*** Source records ***
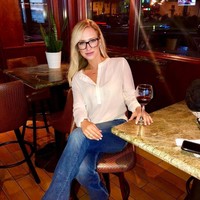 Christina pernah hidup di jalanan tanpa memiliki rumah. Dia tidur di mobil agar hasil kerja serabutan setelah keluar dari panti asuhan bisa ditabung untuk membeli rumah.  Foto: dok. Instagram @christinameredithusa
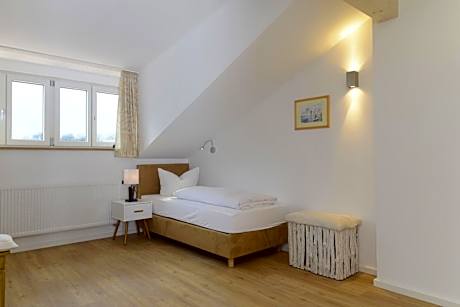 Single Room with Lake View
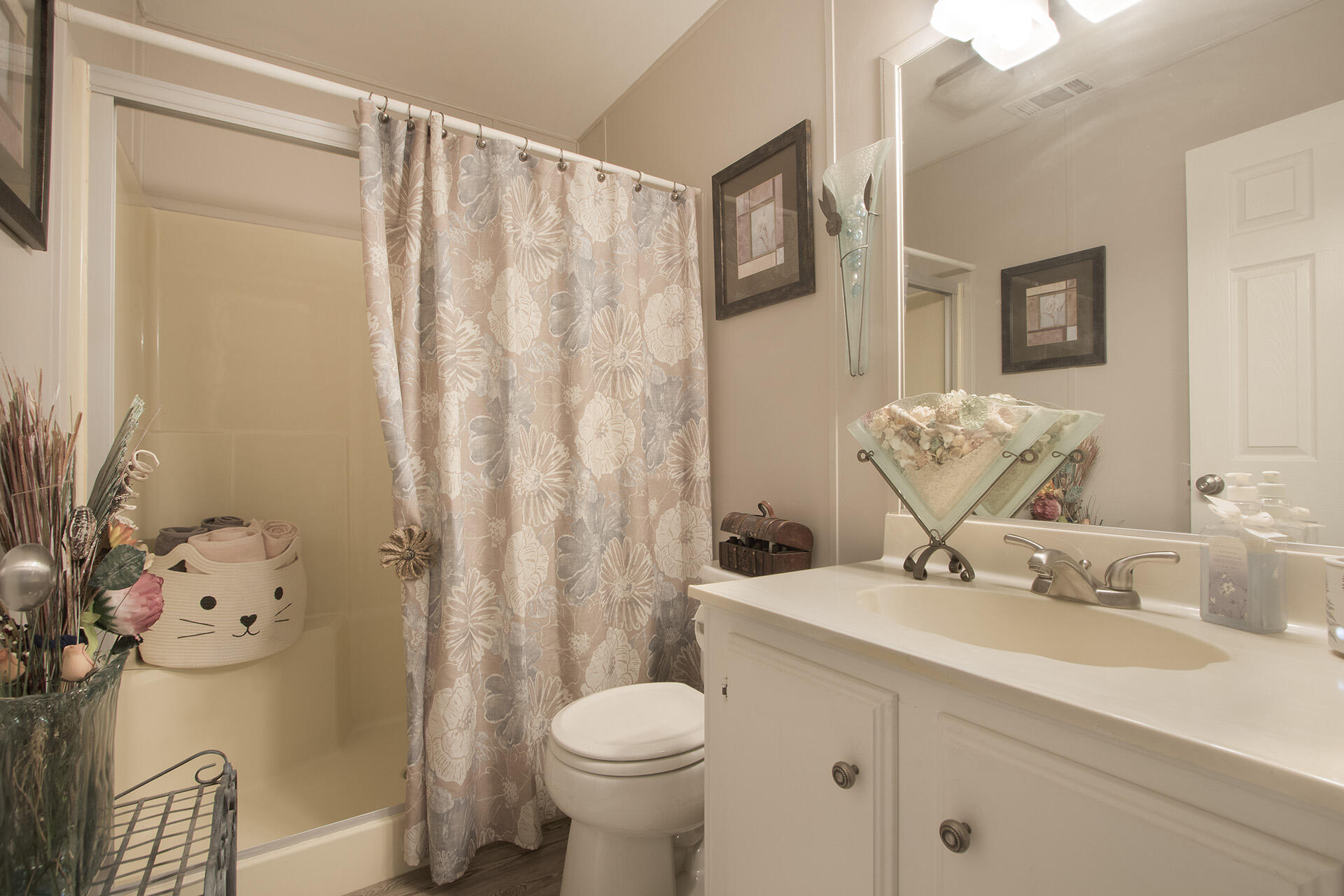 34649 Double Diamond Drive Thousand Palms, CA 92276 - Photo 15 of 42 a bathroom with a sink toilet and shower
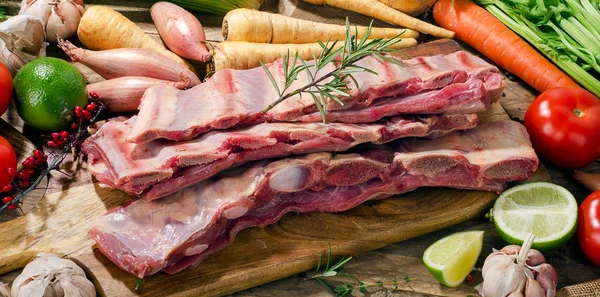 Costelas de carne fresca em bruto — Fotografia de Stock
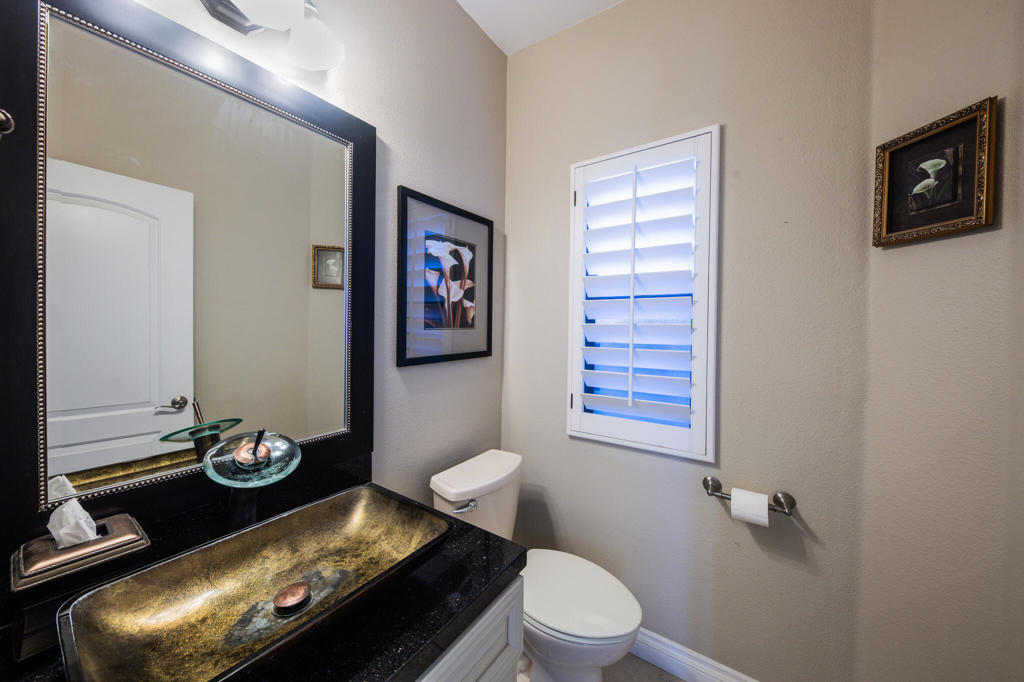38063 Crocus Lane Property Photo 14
*** End of Source records ***
- _Task brief_
Give back all entries exactly. No pictures belong in the copy.

- _Task response_
 Christina pernah hidup di jalanan tanpa memiliki rumah. Dia tidur di mobil agar hasil kerja serabutan setelah keluar dari panti asuhan bisa ditabung untuk membeli rumah.  Foto: dok. Instagram @christinameredithusa
 Single Room with Lake View
 34649 Double Diamond Drive Thousand Palms, CA 92276 - Photo 15 of 42 a bathroom with a sink toilet and shower
 Costelas de carne fresca em bruto — Fotografia de Stock
38063 Crocus Lane Property Photo 14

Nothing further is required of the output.